Earlier this week WA Commerce portfolio minister Michael Mischin wrote off the public request from Unions WA, saying it was "desperation on the union movement to remain relevant by grabbing a headline".
Mischin also said it was necessary to take statistical trends from longer timeframes, in this case five year groups to gain an accurate understanding of the trends.
However, Unions WA secretary Meredith Hammat yesterday said the decision to call for a Royal Commission was not taken lightly, and that she was disappointed that senior ministers had resorted to juking statistics to hide the true figures.
“The call by UnionsWA for a Royal Commission into work and mine fatalities in WA is only strengthened by cynical and selective use of data by Ministers Marmion and Mischin,” Hammat said.
“In order to disguise current worsening trends, they put data for several good but more distant years together with recent poorer outcomes.
“That is deeply concerning.”
Hammat said statistics show that over the past two years both the number and rate of mine deaths have worsened in WA, while between 2012 and 2013, in contrast to improving trends Australia-wide, the number and rate of work deaths across WA worsened.

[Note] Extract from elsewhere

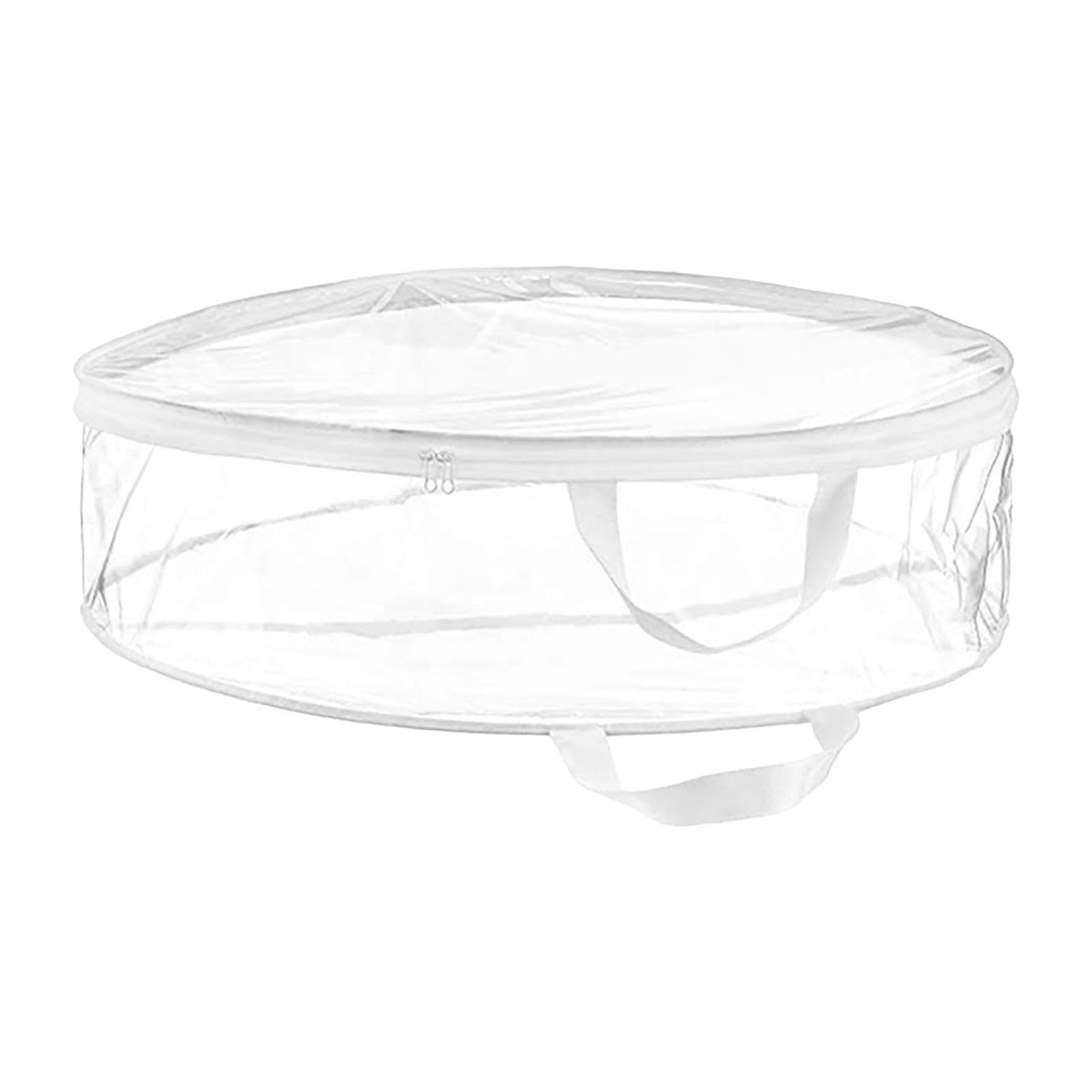 Christmas Wreath Storage - Clear Garland Bag, Portable Storage Container | Zippered Wreath Organizer, Holiday Decoration Storages, Christmas Wreaths Protection Bag for Safe Keeping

In response to earlier comments from Mischin that the Department of Mines and Petroleum and Safework Australia were sufficient to discover information about workplace deaths, Hammat criticised the government’s attitude.
“While SafeWork Australia is a credible source for data, in WA it has a negligible role in enforcing work safety.
“Enforcement is the responsibility of the WA Government.
Hammat said that recent safety history showed the process for investigation at the Aditya Birla Nifty Copper mine was “fundamentally flawed”.
“Media reports last year last documented not only the discovery of a sink hole at the mine but also a number of other serious problems,” she said.
“The department approved the re-opening the mine.
“How can they now be expected to investigate their own earlier decision?
“Governments need to be strong and clear that their role is to stand by working people to ensure safety, not fudge the facts or blame the victims.
“Inaction by the government on health and safety law reform has been the case now since 2008.”
Unions WA have now released newly assembled data which shows the trend in mining deaths in WA turned from zero deaths in 2013, and is now back on the rise.
Examples given by minister Mischin which used a five year time frame comparison of 2008-13 with 2009-14 were affected by the 2008-2009 period which saw seven mining deaths in WA.
The research shows the current rate of deaths per 100,000 mining workers is on the rise despite a decrease in the size of the workforce.